Rio de Janeiro, 04 dez (Lusa) - As históricas desigualdades raciais e de género no Brasil mantiveram-se na última década a nível de salário e educativo, apesar de o país ter dado alguns passos para diminuir os rácios, indica hoje um estudo governamental.

Lusa /

Segundo o estudo do Instituto Brasileiro de Geografia e Estatística (IBGE), apenas 17,4% da população com os maiores salários se define como "negra" ou "mulata", apesar de os afrodescendentes representarem 53,6% da população brasileira.

Apesar do reduzido número de negros entre os que auferem os maiores salários, apenas 12,4% das pessoas que residia em 2004 em casas com uma renda média superior a 11.600 reais (cerca de 2.900 euros) assumia ser "negra" ou "mulata".

No outro extremo, os negros e mulatos representam 76% entre os 10% de brasileiros com os salários mais baixos, indica o estudo, elaborado com base em dados recolhidos em 2014 através de uma ampla sondagem por amostras ao domicílio.

Os dados revelam que, do total de negros e mulatos que vivia no Brasil no ano passado, 38,5% situava-se nos estratos económicos mais baixos da sociedade, quando, em 2004, a percentagem era de 41,7%, o que "indicia uma ligeira melhoria", refere-se no documento.

As diferenças raciais também se plasmam na área da Educação, se bem que reflitam igualmente uma "certa melhoria" na última década.

Do total de "negros" e "mulatos" entre os 18 e os 24 anos, 45,5% cursava estudos superiores em 2014, contrastando com os 16,7% registados em 2004. A proporção da população brasileira branca na mesma faixa etária, por sua vez, subiu de 47,6% em 2004 para 71,4% em 2014.

Assim sendo, a percentagem de jovens negros ou mulatos que cursava estudos superiores em 2014 é ainda menor do que a dos brancos que o fazia há dez anos.

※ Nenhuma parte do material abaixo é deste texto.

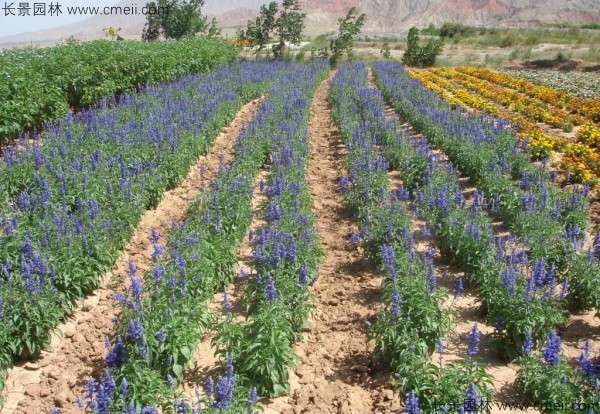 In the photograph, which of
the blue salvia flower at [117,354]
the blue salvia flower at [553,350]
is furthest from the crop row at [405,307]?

Quanto às diferenças de género, o instituto brasileiro defende que houve uma diminuição das desigualdades entre 2004 e 2014.

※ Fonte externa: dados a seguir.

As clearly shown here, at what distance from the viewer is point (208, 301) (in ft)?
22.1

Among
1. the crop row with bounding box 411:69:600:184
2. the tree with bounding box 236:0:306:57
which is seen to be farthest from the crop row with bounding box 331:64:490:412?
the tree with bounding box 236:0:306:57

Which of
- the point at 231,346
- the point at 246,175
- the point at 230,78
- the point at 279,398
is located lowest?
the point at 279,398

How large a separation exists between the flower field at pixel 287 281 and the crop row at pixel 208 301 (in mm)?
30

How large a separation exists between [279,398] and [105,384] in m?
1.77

Há 10 anos, as mulheres com trabalho estável recebiam, em média, 70% do salário auferido pelos homens, enquanto que, 10 anos depois, a diferença reduziu-se em quatro pontos percentuais.

O estudo do IBGE adianta ainda que, enquanto as mulheres dedicam uma média de 22,3 horas semanais em tarefas domésticas, os homens dedicam apenas 10.

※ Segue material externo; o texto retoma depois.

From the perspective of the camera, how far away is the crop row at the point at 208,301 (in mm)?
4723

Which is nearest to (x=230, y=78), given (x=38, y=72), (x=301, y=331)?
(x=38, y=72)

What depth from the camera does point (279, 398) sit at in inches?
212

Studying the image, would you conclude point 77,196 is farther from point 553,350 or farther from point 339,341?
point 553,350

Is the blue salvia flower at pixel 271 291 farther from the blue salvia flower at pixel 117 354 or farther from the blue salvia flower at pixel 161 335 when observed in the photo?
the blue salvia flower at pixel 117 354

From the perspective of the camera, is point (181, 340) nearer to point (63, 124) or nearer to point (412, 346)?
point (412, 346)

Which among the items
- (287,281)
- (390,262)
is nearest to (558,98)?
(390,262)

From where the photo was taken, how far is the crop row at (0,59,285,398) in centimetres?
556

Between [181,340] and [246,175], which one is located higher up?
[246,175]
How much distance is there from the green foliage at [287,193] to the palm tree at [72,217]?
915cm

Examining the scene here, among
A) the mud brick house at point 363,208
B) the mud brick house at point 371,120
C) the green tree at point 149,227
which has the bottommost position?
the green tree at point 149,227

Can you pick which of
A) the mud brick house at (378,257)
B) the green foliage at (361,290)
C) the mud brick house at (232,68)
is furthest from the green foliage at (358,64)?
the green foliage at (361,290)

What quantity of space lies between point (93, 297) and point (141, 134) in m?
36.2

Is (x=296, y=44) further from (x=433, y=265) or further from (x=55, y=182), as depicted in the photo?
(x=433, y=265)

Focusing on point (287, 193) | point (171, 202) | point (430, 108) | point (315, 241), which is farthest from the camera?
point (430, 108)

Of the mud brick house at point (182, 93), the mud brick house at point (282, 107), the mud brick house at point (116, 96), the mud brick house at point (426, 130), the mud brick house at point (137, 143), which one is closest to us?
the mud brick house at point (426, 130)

A chamada "Síntese dos Indicadores Sociais" também mostra outros aspetos demográficos relevantes, como a taxa de natalidade no Brasil, que caiu 18,6% nos últimos dez anos, ao passar de 2,14 filhos por mulher, em 2004, para 1,74, em 2014.

Com base nos dados de 2014, o Brasil conta com uma experança de vida à nascença de 78,8 anos para as mulheres e de 71,6 para os homens.